If you’ve recently been asking yourself why does my baby fight sleep so bad, welcome! You’re in the right place. We have all been there. We are addressing all the possible reasons AND what you can do about it.
I probably don’t have to tell you how important sleep is. Sleep deprivation is so tough. FOR EVERYONE! When your baby is not sleeping, you are not sleeping. I have been in your shoes mama. The good news is that it won’t last forever.
A variety of factors can contribute to sleepless nights. Let’s dive a little deeper.
This post answers why does my baby fight sleep so bad.
Why does my baby fight sleep so bad?
There are a variety of reasons that can contribute to sleep problems. It is essential to figure out WHY your baby fights sleep. So you are wondering why does my baby fight sleep so bad. Possible reasons are overstimulation, being overtired, not tired enough, disruptions to the sleep environment, separation anxiety, a poor sleep routine, or physical discomfort.
Overstimulation is a possible culprit for your baby fighting sleep. An overstimulated baby can be very difficult to settle down for nap time or bedtime. Overstimulation is caused by too much noise or activity. So if you are wondering why does my baby fight sleep so bad, is your little one showing signs that they might be overstimulated?
Here are signs of an overstimulated baby:
This is the most common reason why many babies have a hard time sleeping. According to Healthline, When babies are overtired their stress response response system increases. As a result, cortisol and adrenaline travel through their bodies. When these two hormone levels are elevated, FORGET about your little one calming down and falling asleep. This is why it is important to look for your baby’s sleep cues. If you’ve been recently asking yourself why does my baby fight sleep so bad, are they showing signs of being overtired?

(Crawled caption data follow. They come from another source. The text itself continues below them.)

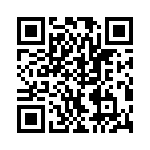 VI-BWL-EV-S QRCode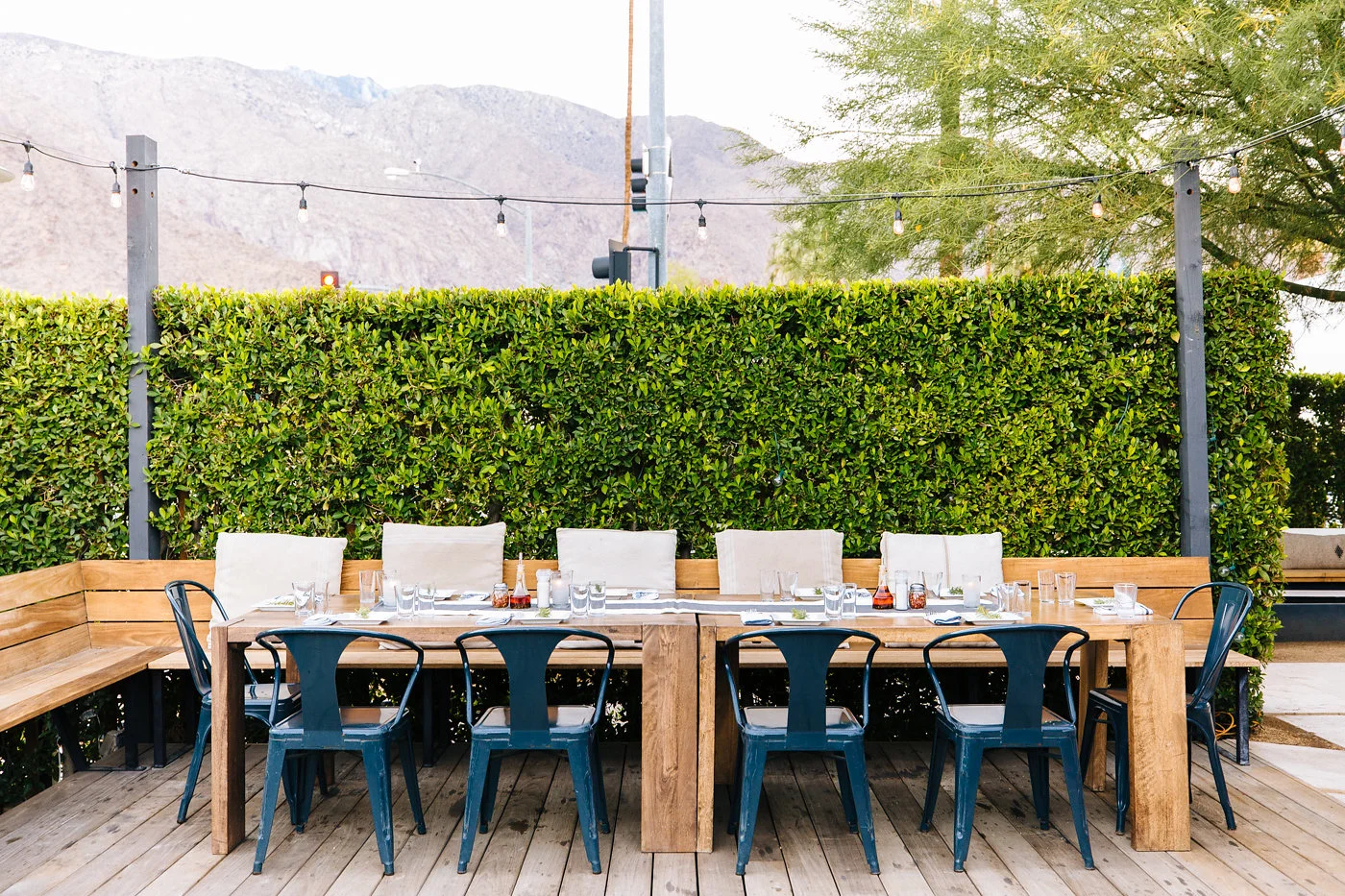 Birba_©Audrey_Ma_Exteriors_291.jpg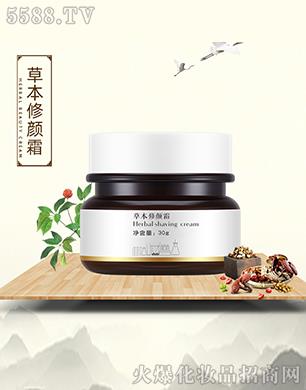 �V�ݽ���ˎ�Ƽ����޹�˾���������ݱ����˪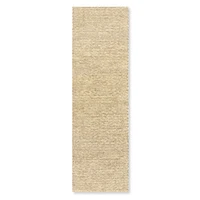 Abaca Rug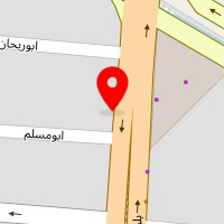 فروشگاه یراق آلات کابینت البرز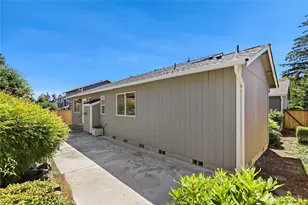 1219 182nd St Ct E, Spanaway, WA 98387 - Photo 35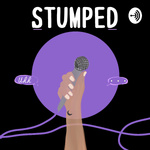 STUMPED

Here are some signals that you have an overtired baby on your hands:
- Touching their face/ tugging ears/ eye rubbing
Not Tired Yet
Another possible reason why you’re wondering why does my baby fight sleep so bad is not being tired enough. Perhaps your little one is experiencing sleep issues because they are not tired yet. Evaluate your baby’s wake windows. Of course, wake windows look different for every age. If you’re wondering what your child’s wake windows should be, don’t worry there is a section for that depending on your baby’s months of age. Stick with me.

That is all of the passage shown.